We will create new types but we desire -just like in C#- that they behave like existing built in types.

So why not deriving from built in types?

class int_ex : int {
}

I've been thinking long and hard about the appropriate answer to this good question. And finally I came up with the perfect argument why this is a bad idea. It's because it won't compile.

Luckily we have templates. Let us start by declaring our class having a simple copy constructor.

template <typename T>
class nullable {
private:
T _value;
public:
// Copy constructor.
nullable<T>(T value) {
_value=value;
}
};

With this code we have wrapped built in value type into a template. Let us explore possibilities of this new type.

int n=10;
nullable<int> i=20; // This actually works!
nullable<int> j=n; // This too.
nullable<int> m; // This fails because we have no default constructor.

This is a good start. Since we have not defined a default constructor and we have defined a copy constructor the compiler hasn't generated the default constructor for us.

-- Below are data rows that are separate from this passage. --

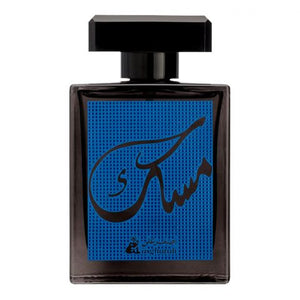 Asgharali Musk Exotic Eau De Parfum - Fragrance - For Men & Women - 100ml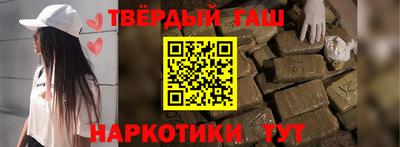 бутират Заводоуковск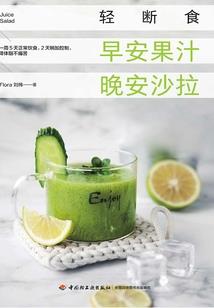 2019属猴刑太岁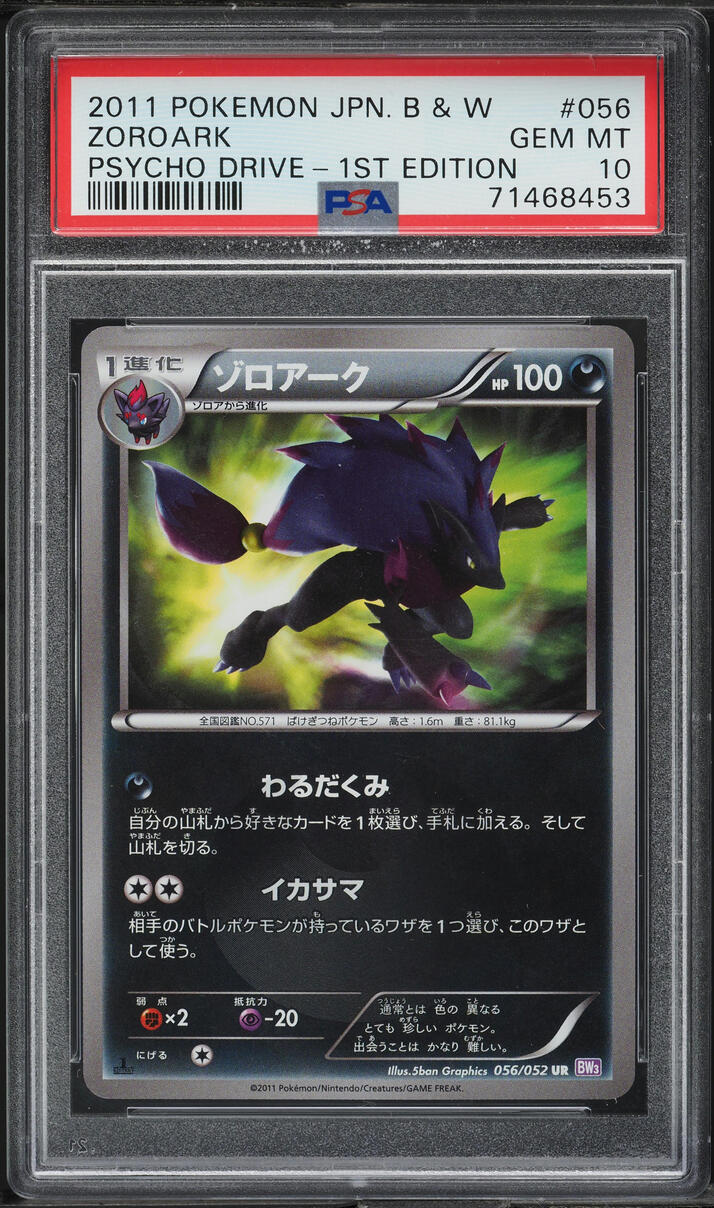 2011 Pokemon Japanese BW Psycho Drive 1st Edition Zoroark #56 PSA 10 GEM MINT
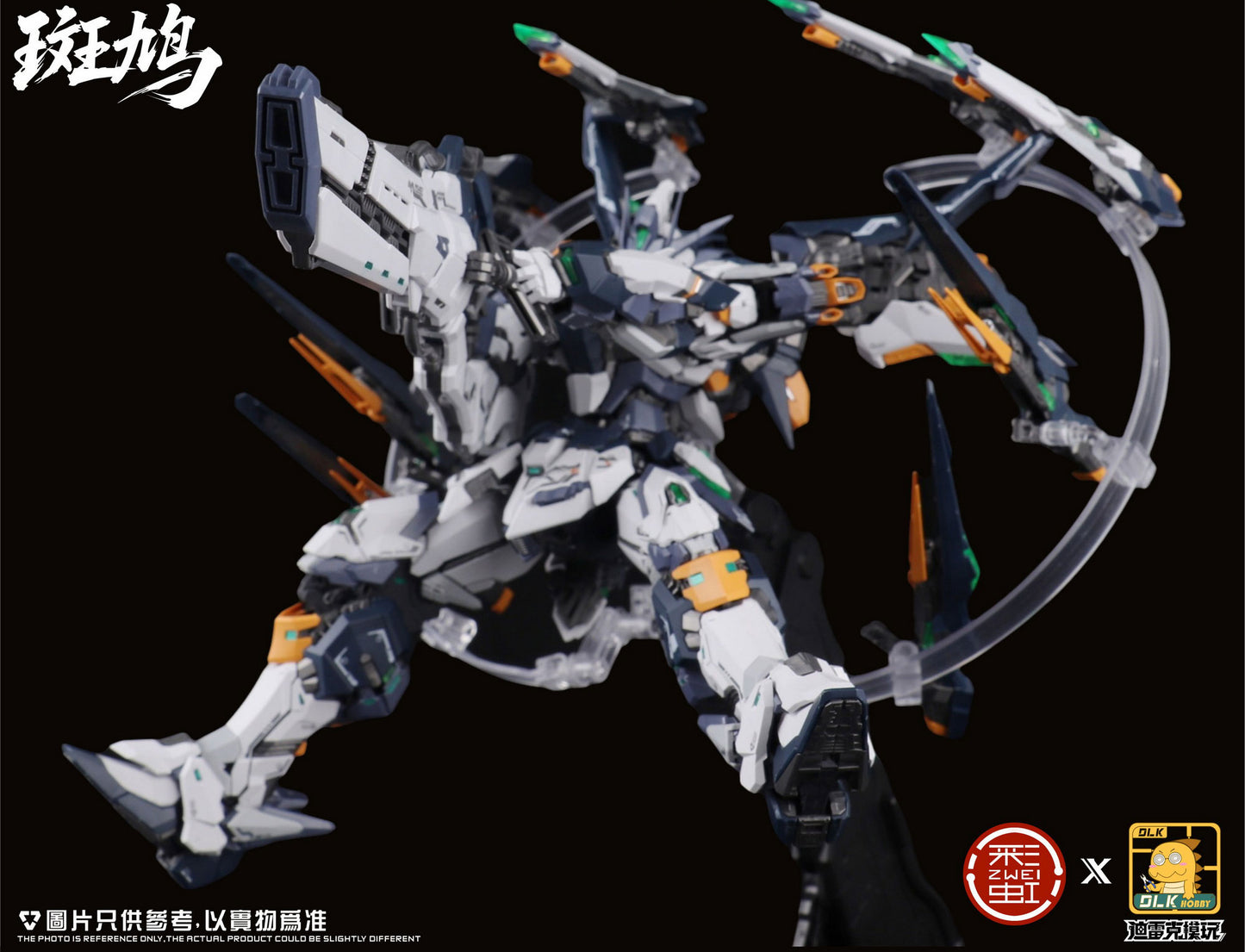 DLK 1/100 ZAW-S01  Ikaruga Model Kit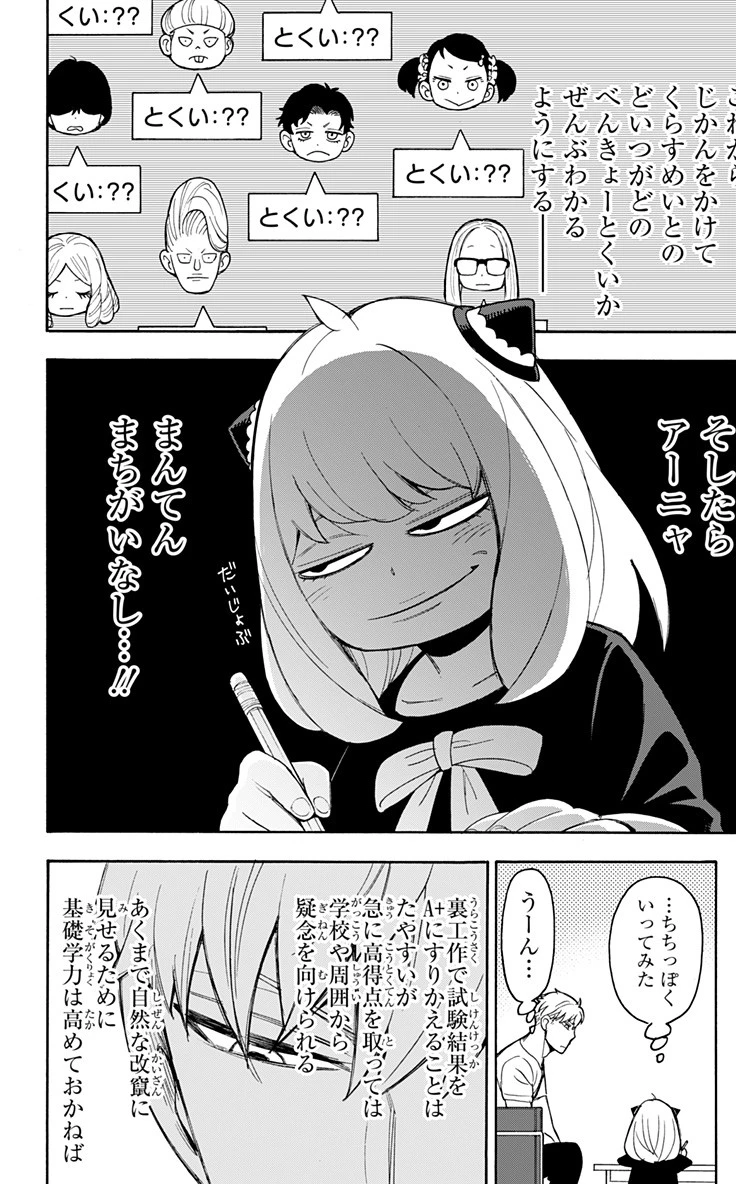 Spy X Family 第16話 - 3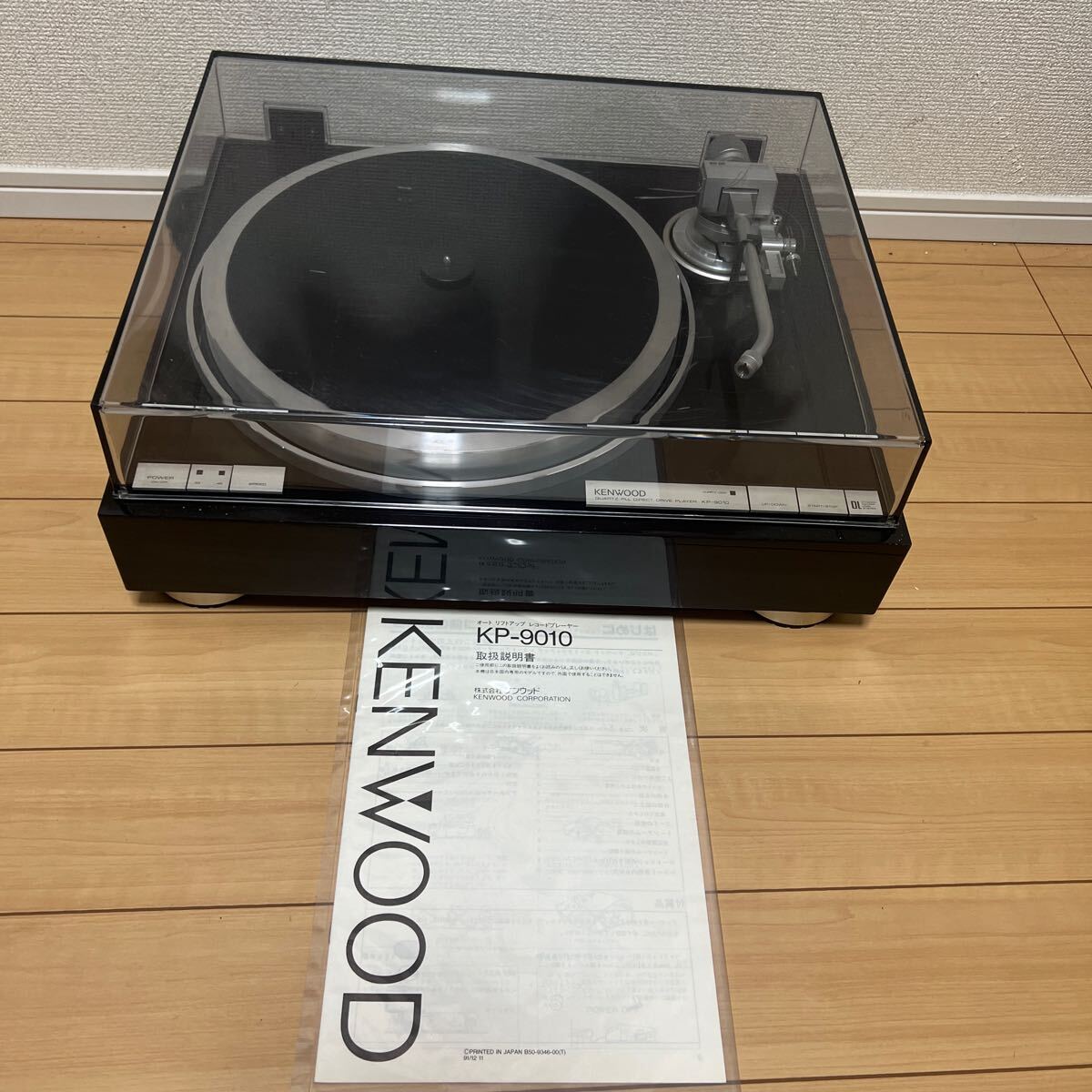 KENWOOD KP-9010、説明書付き、稼働品_画像1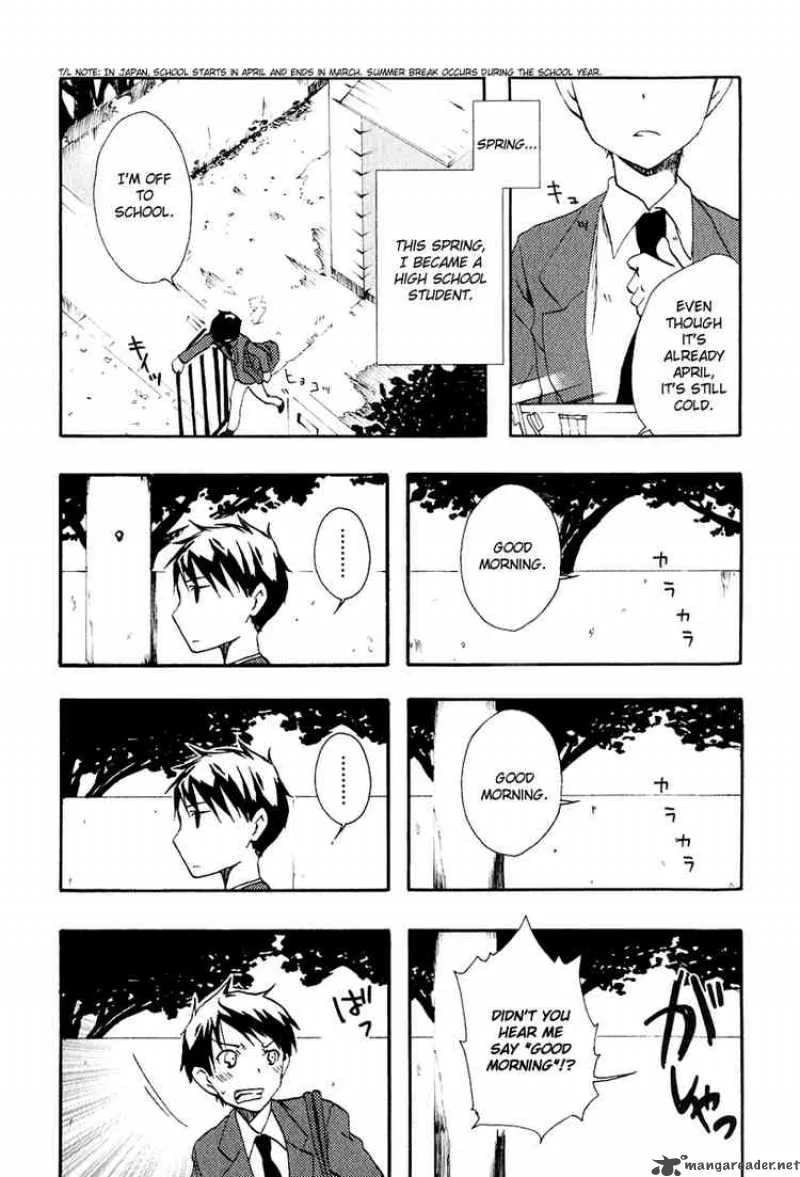 Watashitachi no Tamura-kun Chapter 7 page 23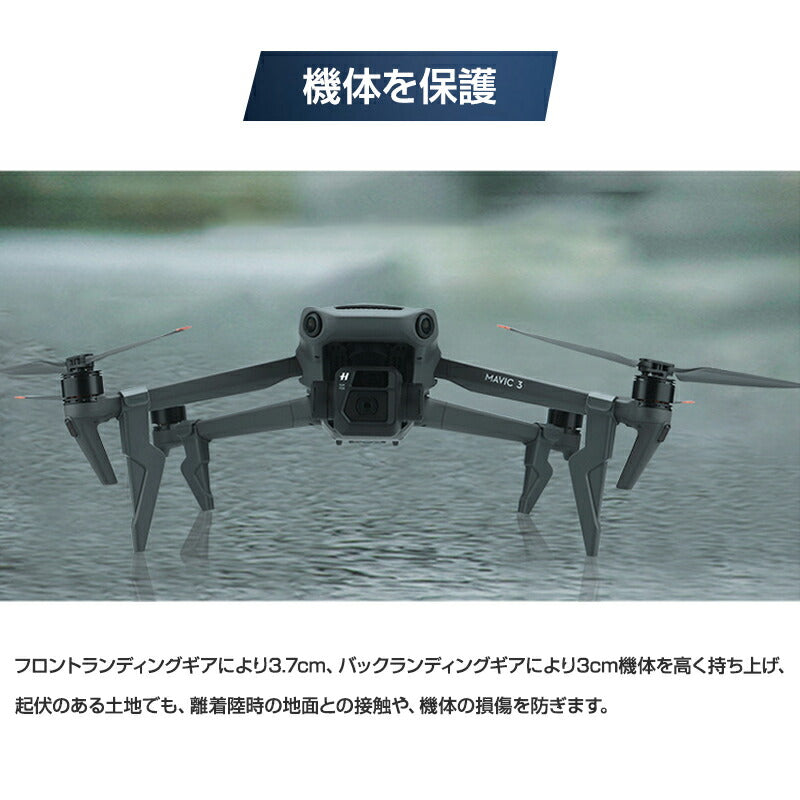 DJI mavic 3用 ランディングギア 保護 安全 損傷防止 軽量 取り付け簡単 耐衝撃 折畳式 1セット4pcs 折りたたみ式 アクセサリー パーツ 1機分 スペア部品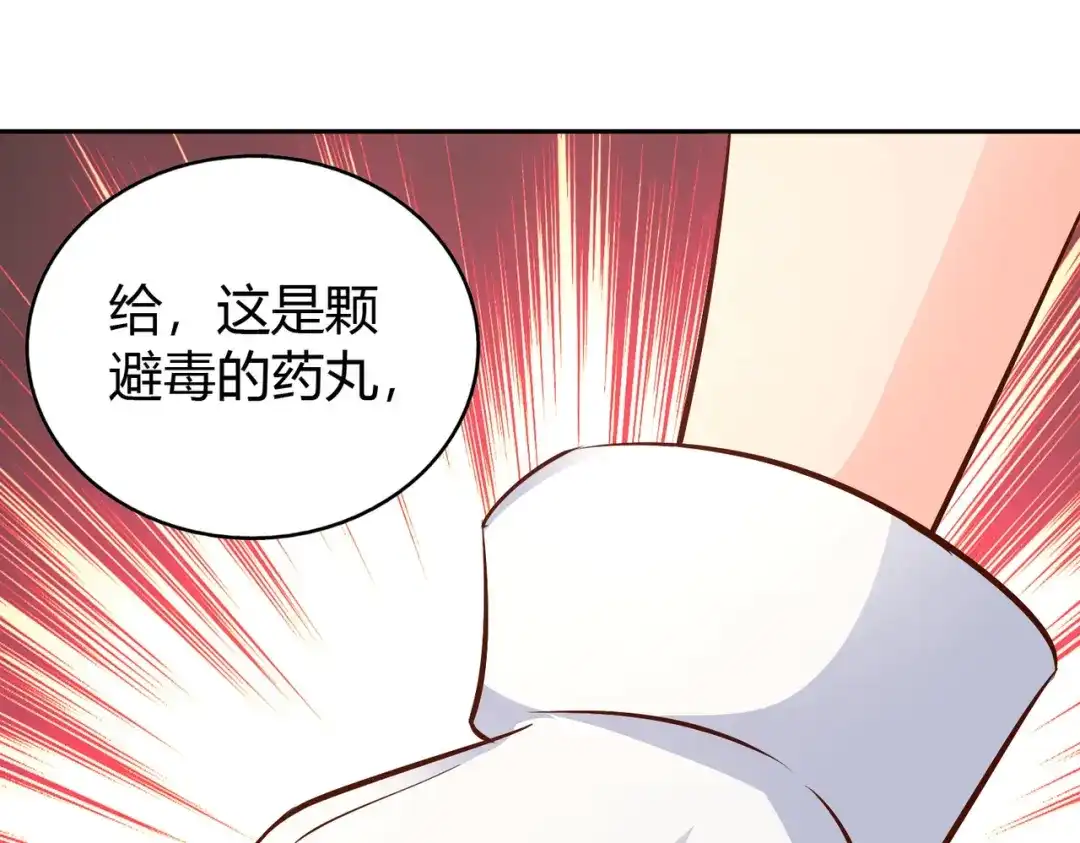 《武灵剑尊》第61话 第32页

Thus last line won't compile. Adding the default constructor will fix this. The behavior of the ctor will be to make value type equal to null. For this we will also add _is_null member to our class. Last but not least we will add assignment operator to the class.

template <typename T>
class nullable {
private:
T _value;
bool _is_null;
public:
// Copy ctor.
nullable<T>(T value) {
_value=value;
_is_null=false;
}
// Default ctor.
nullable<T>() {
_is_null=true;
}
// Assignment operator =
nullable<T>& operator=(const nullable<T>& that) {
if (that._is_null) // Make sure null value stays null.
_is_null=true;
else {
_value=that._value;
_is_null=false;
}
return *this;
}
};

Now we can do even more things to our class.

int n=10;
nullable<int> i=20; // Works. Uses copy constructor.
nullable<int> j; // Works. Uses default ctor. j is null.
j=n; // Works. Uses copy constructor + assignment operator.
j=i; // Works. Uses assignment operator.

Next we would like to add the ability to assign a special value null to variables of our nullable type. We will use a trick to achieve this. We will first create a special type to differentiate nulls' type from all other types. Then we will add another copy constructor further specializing template the null type.

class nulltype {
};
static nulltype null;

template <typename T>
class nullable {
private:
T _value;
bool _is_null;
public:
// Assigning null.
nullable<T>(nulltype& dummy) {
_is_null=true;
}
// Copy ctor.
nullable<T>(T value) {
_value=value;
_is_null=false;
}
// Default ctor.
nullable<T>() {
_is_null=true;
}
// Assignment operator =
nullable<T>& operator=(const nullable<T>& that) {
if (that._is_null) // Make sure null value stays null.
_is_null=true;
else {
_value=that._value;
_is_null=false;
}
return *this;
}

};

Let us further torture our new type.

nullable<int>m=100; // Works! m=100!
nullable<int>j; // Works! j is null.
nullable<int>n=j=m; // Works! All values are 100.
nullable<int>i=null; // Works! i is null.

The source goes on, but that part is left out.